Others will claim they have no fee. However, they bury it into the exchange rate you actually get. With it buried, its actually very easy for them to get more than the flat fee others charge. Exchange rates change so often and are so variable from the counter at the airport, to a local bank to an ATM, you would have to be a pretty sophisticated customer to know what they altered their real exchange rate by.

Ironically, the fee is usually much more transparent.

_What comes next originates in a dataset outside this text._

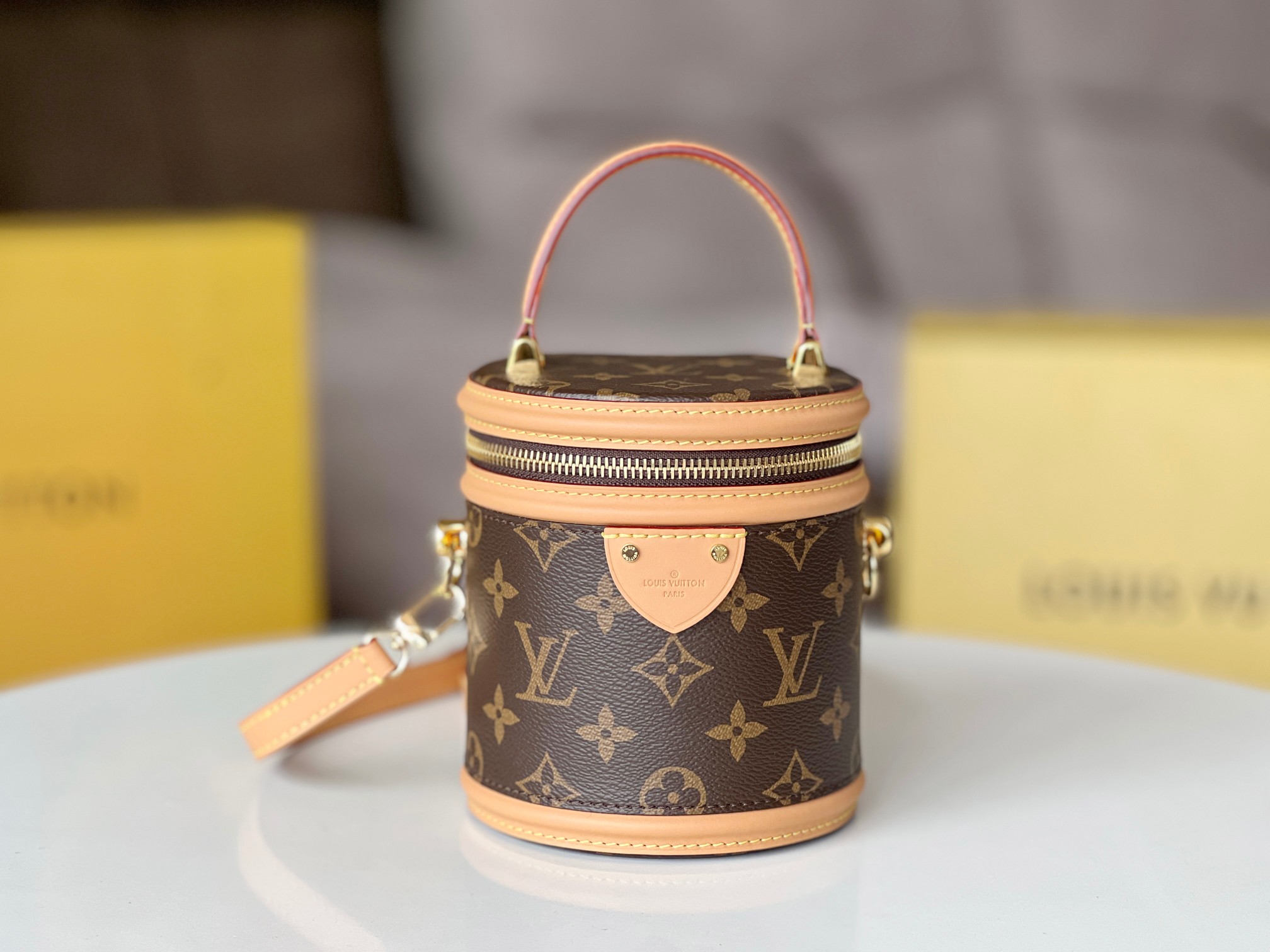 NO:199392,Genuine grade original single chip version M82952 old flower) small bucket bag nano cannes handbag bag is cut out of monogram canvas, which coincides with the design of the makeup bag. The leather trim and the Louis Vuitton logo imprinted on the label are rich in craftsmanship details, the handle and removable and adjustable shoulder straps create a variety of portable styles. 14.5 x 14 x 12 cm (length x height x width), LV [top original list], louis vuitton, louis vuitton,cosmetic bags & cases19860909正品级 原单芯片版M82952老花）小号水桶包 nano cannes 手袋以 monogram 帆布裁出圆筒构型,与化妆包设计不谋而合.皮革饰边和标签上压印的路易威登标识丰富工致细节,手柄和可拆卸并调节的肩带成就多种背携风尚. 14.5 x 14 x 12 厘米 (长度 x 高 x 宽),LV【顶级原单】,louis vuitton,louis vuitton,cosmetic bags & cases,Bag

However, the real killers will charge the fee and mess with the exchange rate. If it has a "big bank" logo on it, I would be suspicious. Maybe that's just me.


----------



## hellosailor (Apr 11, 2006)

Minne-
There's no doubt banks are adept at making profits, which is what they are after all chartered to do. Onceuponatime there were "banks" and "savings & loans" and the two ran differently, but that difference was abolished decades ago.
Some of the credit card companies like Amex*, will ding the merchant for 3% and a 30-day float on their funds, and between those two profits they can make enough to fully absorb any currency conversion fee. Or, they may have a system set up where they can internally transfer funds and do that for "zero" real effective cost.
I don't ask how the magic works, and I wouldn't sleep with any of them, but sometimes, some rare times, if you are careful about it you can get a much better deal with one than with another. Last time I used Amex, instead of paying a merchant with discounted dollars, there were zero fees charged to me, and the exchange I was given was the official government rate. Sure, you can often do 10-15% better than that--but not without chasing down a black market and worrying about other problems.

*Amex now issues some credit cards, but they used to be adamant about the fact that a full Amex card was not and is not a _credit _card, it was due and payable in full every time.
Sometimes, they count on customers coming onboard because of a special, and like grocery stores they DO run loss-leaders. The trick is, buy the loss leader and don't fall for the traps.


----------